Среди произведений художника есть картины, которые представляют живописные имитации уплощенного барельефа. Речь не идет о реальных выпуклостях на холсте. Он классически остается плоским. Иллюзия барельефа достигается живописными средствами и, даже скорее, – намекается, хотя пластическое решение доминирует над цветовым («Красный натюрморт», «Сон», «Натюрморт с камнями»). Эти работы – свидетельство того, что Роберт Каркусов, являясь автором солидного числа разнообразных произведений, пребывает в постоянном поиске новых художественных приемов, тем и жанров. Во вселенной его живописи живут стихии неба с птицами, воды с отражениями, земли с ее скалами и камнями, огня и металла, воплощенных в колорите и, конечно, дерева, которое является знаковым образом, магическим именем, обозначающим незримого персонажа – человека.

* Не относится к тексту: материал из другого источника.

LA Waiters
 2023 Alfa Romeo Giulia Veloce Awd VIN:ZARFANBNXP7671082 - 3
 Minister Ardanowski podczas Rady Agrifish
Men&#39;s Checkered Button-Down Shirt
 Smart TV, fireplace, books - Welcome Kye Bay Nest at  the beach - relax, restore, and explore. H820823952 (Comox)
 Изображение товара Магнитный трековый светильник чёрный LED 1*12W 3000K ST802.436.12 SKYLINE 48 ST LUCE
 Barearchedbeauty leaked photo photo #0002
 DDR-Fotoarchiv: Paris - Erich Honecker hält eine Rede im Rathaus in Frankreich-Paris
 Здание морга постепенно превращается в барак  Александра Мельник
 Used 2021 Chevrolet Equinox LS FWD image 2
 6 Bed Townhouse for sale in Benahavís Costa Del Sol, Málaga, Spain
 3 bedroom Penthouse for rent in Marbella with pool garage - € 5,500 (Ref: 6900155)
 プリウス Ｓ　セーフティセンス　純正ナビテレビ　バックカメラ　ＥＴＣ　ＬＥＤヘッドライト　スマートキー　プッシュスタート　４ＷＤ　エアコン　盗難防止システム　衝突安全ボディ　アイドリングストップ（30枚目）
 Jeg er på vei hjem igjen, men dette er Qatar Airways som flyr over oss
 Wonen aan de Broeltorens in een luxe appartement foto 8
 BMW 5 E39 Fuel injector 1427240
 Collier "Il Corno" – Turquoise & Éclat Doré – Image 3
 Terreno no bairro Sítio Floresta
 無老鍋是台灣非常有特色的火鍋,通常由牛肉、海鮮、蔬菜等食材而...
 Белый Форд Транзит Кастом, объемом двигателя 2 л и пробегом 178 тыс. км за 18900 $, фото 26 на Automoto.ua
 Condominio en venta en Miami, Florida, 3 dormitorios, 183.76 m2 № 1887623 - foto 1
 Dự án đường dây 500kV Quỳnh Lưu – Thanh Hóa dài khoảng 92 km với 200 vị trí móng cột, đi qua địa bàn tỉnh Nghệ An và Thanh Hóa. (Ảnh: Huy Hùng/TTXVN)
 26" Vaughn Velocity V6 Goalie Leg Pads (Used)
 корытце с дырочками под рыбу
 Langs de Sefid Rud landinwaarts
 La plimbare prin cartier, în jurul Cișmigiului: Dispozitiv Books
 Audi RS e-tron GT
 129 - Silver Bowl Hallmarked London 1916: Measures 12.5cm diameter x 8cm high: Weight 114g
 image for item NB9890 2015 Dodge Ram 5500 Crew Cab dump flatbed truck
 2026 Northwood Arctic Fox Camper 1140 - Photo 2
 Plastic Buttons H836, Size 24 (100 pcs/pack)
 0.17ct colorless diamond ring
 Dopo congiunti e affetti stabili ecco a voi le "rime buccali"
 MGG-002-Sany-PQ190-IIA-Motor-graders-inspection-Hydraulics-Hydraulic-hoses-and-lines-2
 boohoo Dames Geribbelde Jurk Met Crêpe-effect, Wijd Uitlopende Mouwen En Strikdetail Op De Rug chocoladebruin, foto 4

Главное достоинство живописи этого художника – музыкальность цвета и ритма.
Зритель, наделенный развитым синестетическим восприятием, сразу услышит и почувствует ее особую музыкальную драматургию. Цветовое и ритмическое звучание визуальной формы, созданной Каркусовым, провоцирует множество богатых, чувственных переживаний, которые невозможно выразить словами.
В одних работах художник узнается сразу, но есть и такие, которые представляют его как автора совсем неизвестного. И завораживающая музыка его «гобеленовой» живописи – только одна из многих сторон его творчества.